**AIM OF THE EXERCISE:** Transcribe the data exactly, omitting whatever pictures it holds.

══ SOURCE DATA ══

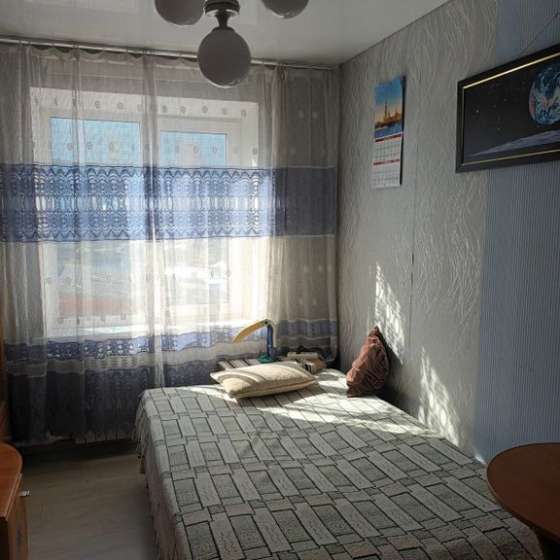 Комната в квартире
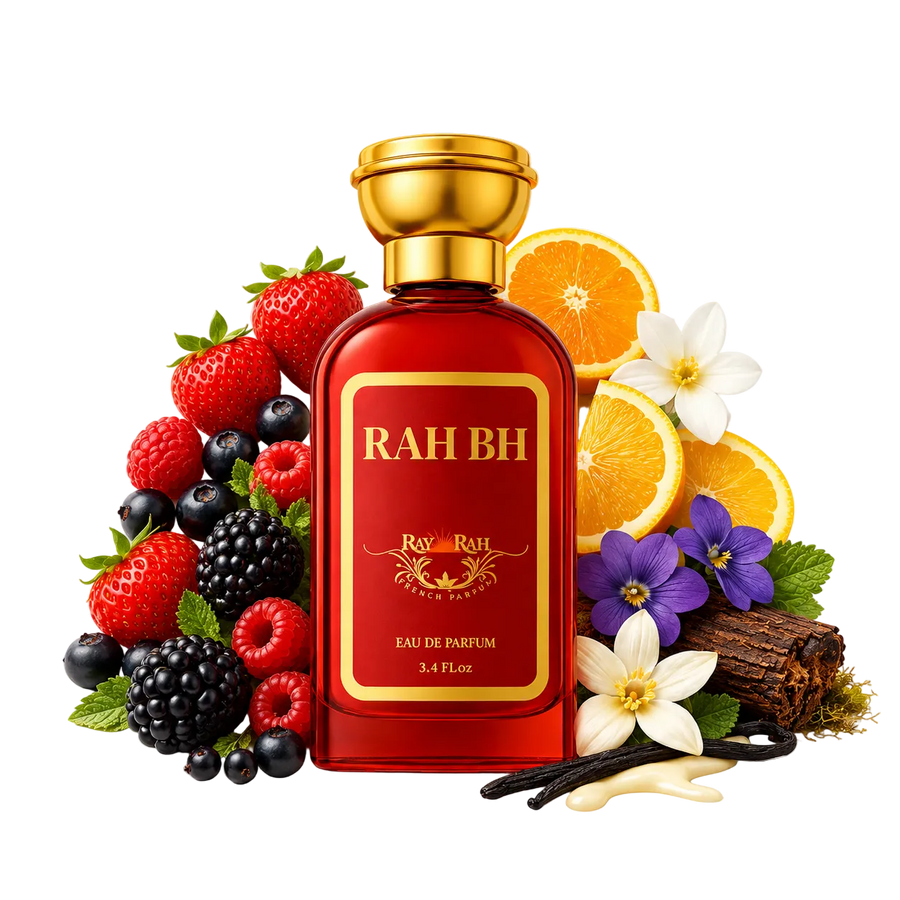 Rah BH (3.4 - 100 ML)
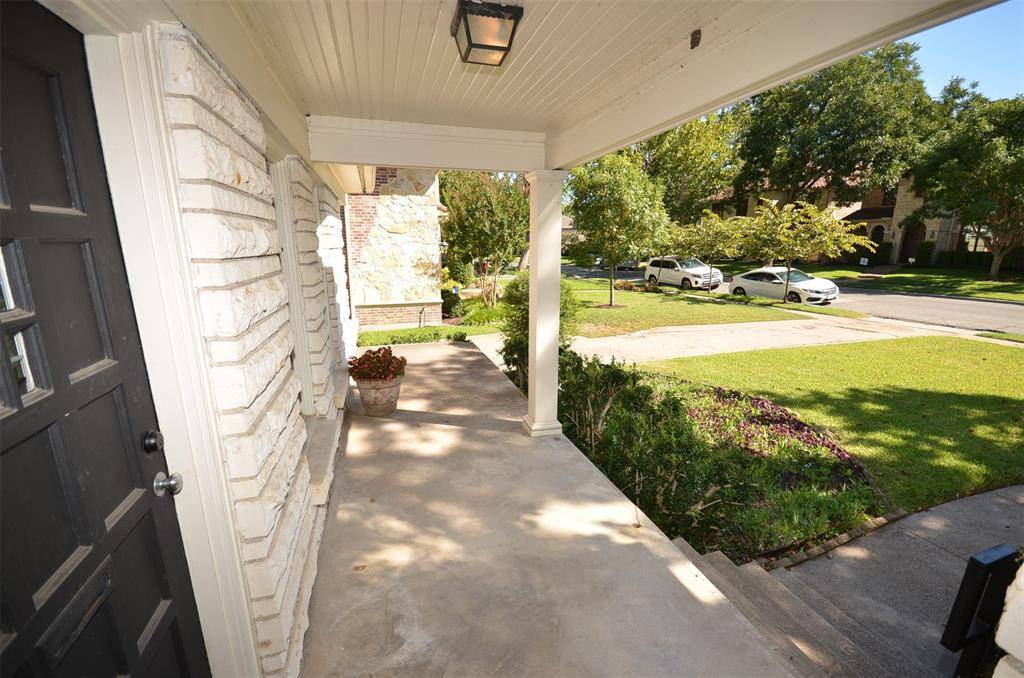 6611 Anita Street, Dallas, TX 75214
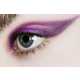 Flashing Feathery Eyes - Carsten Witte's Eyeliner Photos are Killer (GALLERY) 5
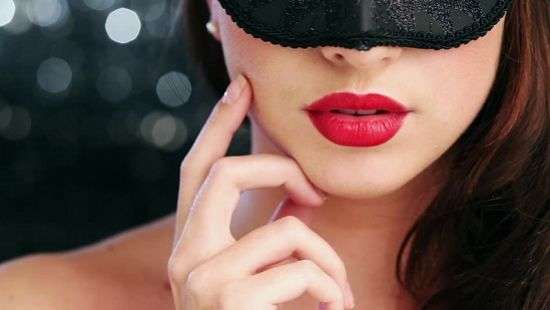 Названа черта лица, которая расскажет о сексуальном потенциале женщин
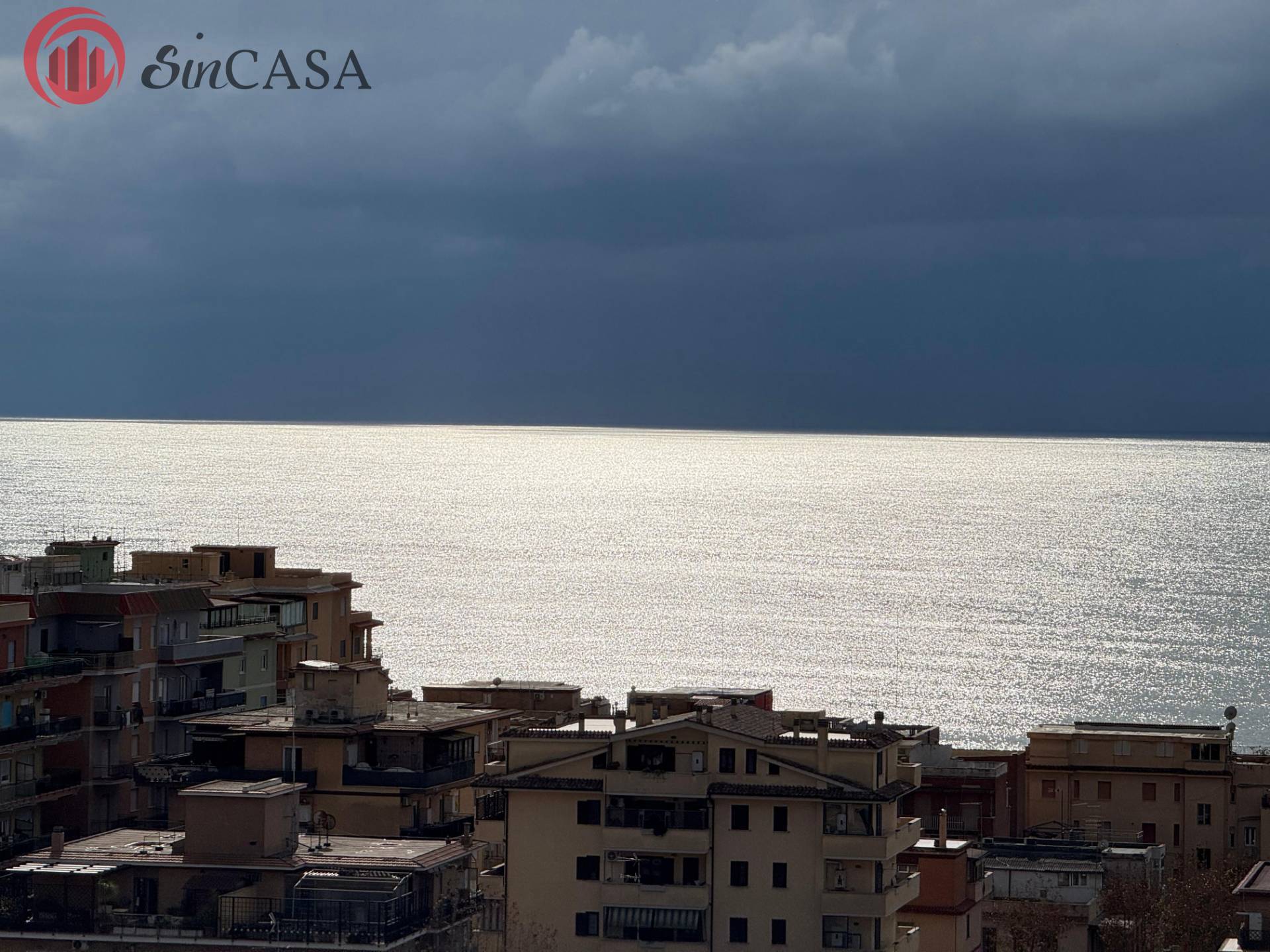 Appartamento in vendita a Ladispoli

═══

**SOLVED PROBLEM:**
 Комната в квартире
 Rah BH (3.4 - 100 ML)
 6611 Anita Street, Dallas, TX 75214
 Flashing Feathery Eyes - Carsten Witte's Eyeliner Photos are Killer (GALLERY) 5
 Названа черта лица, которая расскажет о сексуальном потенциале женщин
 Appartamento in vendita a Ladispoli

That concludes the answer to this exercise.